Two hundred years ago physicians routinely bled, purged, and plastered their patients. Bloodletting [with leeches] was the standard treatment for a host of diseases and had been so since the time of the philosopher-physician Galen almost 2,000 years before….The whole idea was nonsense, of course, and has been shown to be so in the early 1600s…But the fact that the “scientific” basis for bloodletting was nonexistent didn’t give pause to physicians 200 years ago, some of whom applied as many as fifty leeches to a single patient…Surely with all the scientific studies performed in great institutions the world over, today’s doctors would never ignore the actual evidence and pursue unnecessary and possibly even harmful treatments. Would they? – Jonny Bowden, Ph.D. and Stephen Sinatra, M.D.

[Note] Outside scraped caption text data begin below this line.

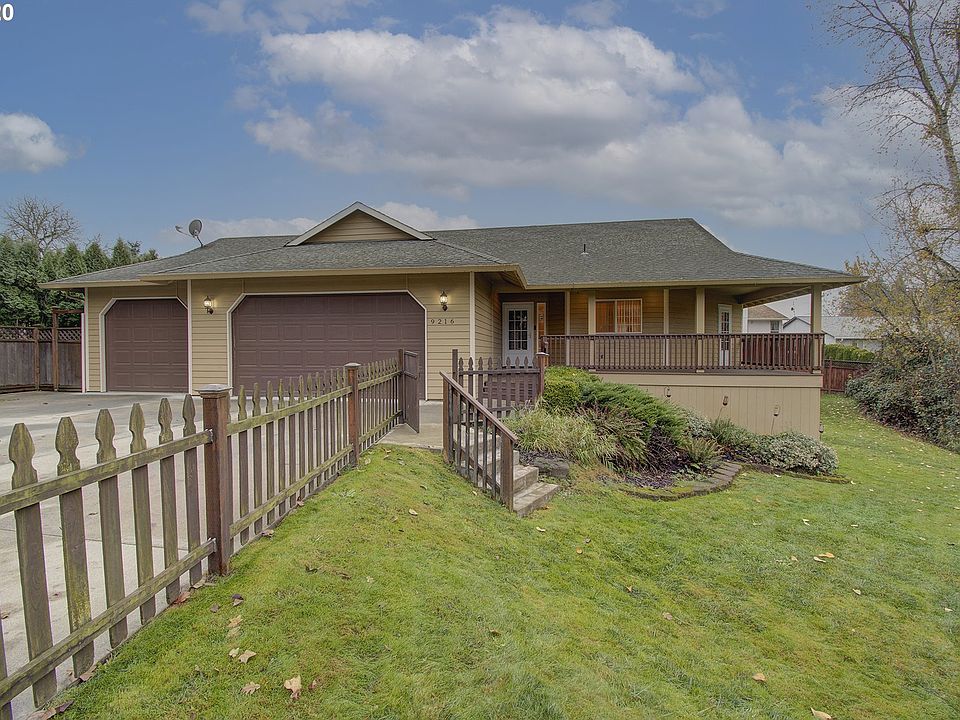 1st image of 9216 NE 25th Ave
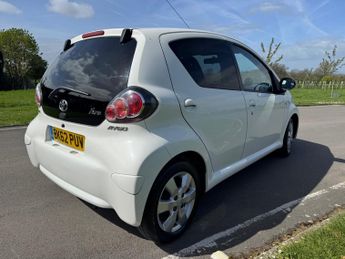 TOYOTA AYGO 1.0 VVT-i Fire 5dr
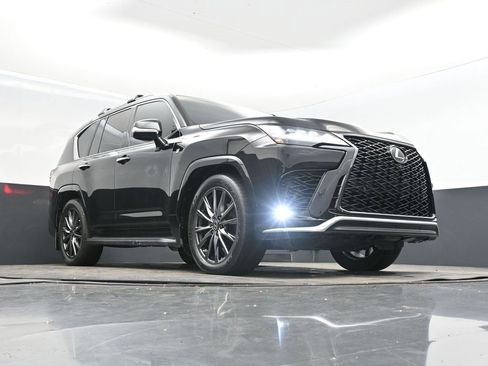 Used 2023 Lexus LX 600 F Sport image 44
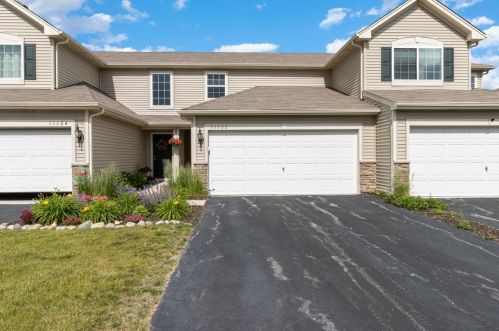 11122 Tennessee St, Crown Point, IN 46307-8055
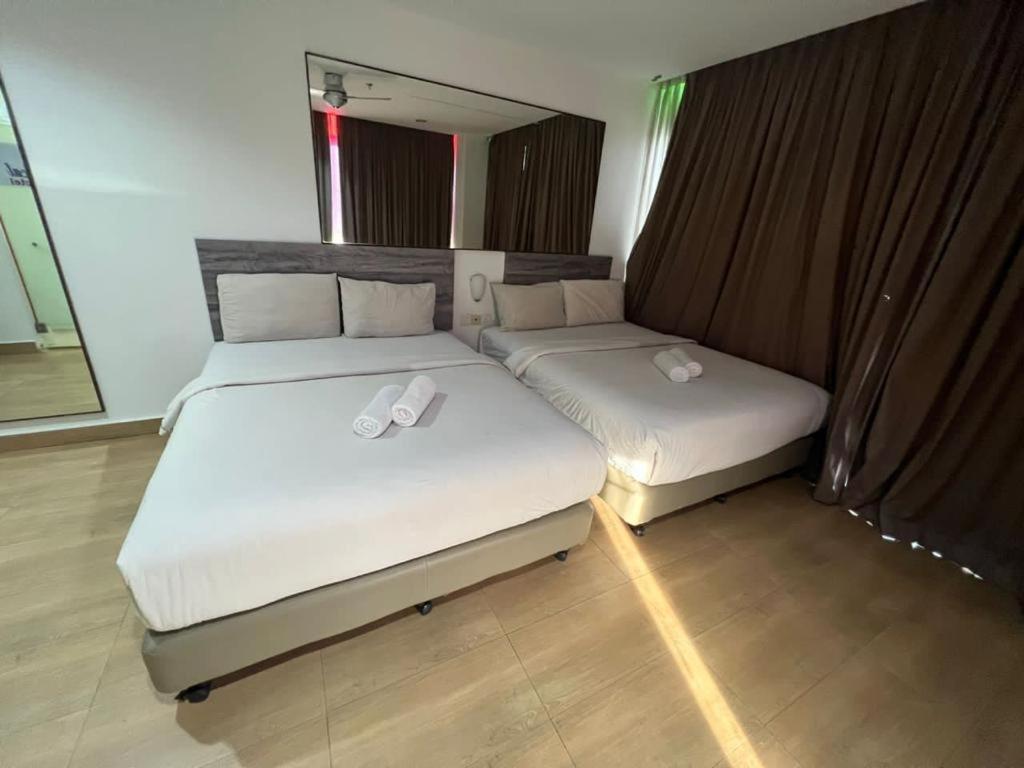 Tropical Hotel Kota Damansara Петалинг Джая Екстериор снимка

If you’re like most people, you grew up thinking that the adults and the authorities always know what they’re talking about and have your best interests at heart.
Most people spend their whole lives relying on authorities to think for them despite the increasing feeling that perhaps not everything is as it seems. As much as we would all like to believe that we approach determining truth scientifically, the reality is that most of us (most of the time) make up our minds and then find reasons to support our decisions after the fact.
These beliefs seem to be particularly sticky when it comes to nutrition and obesity.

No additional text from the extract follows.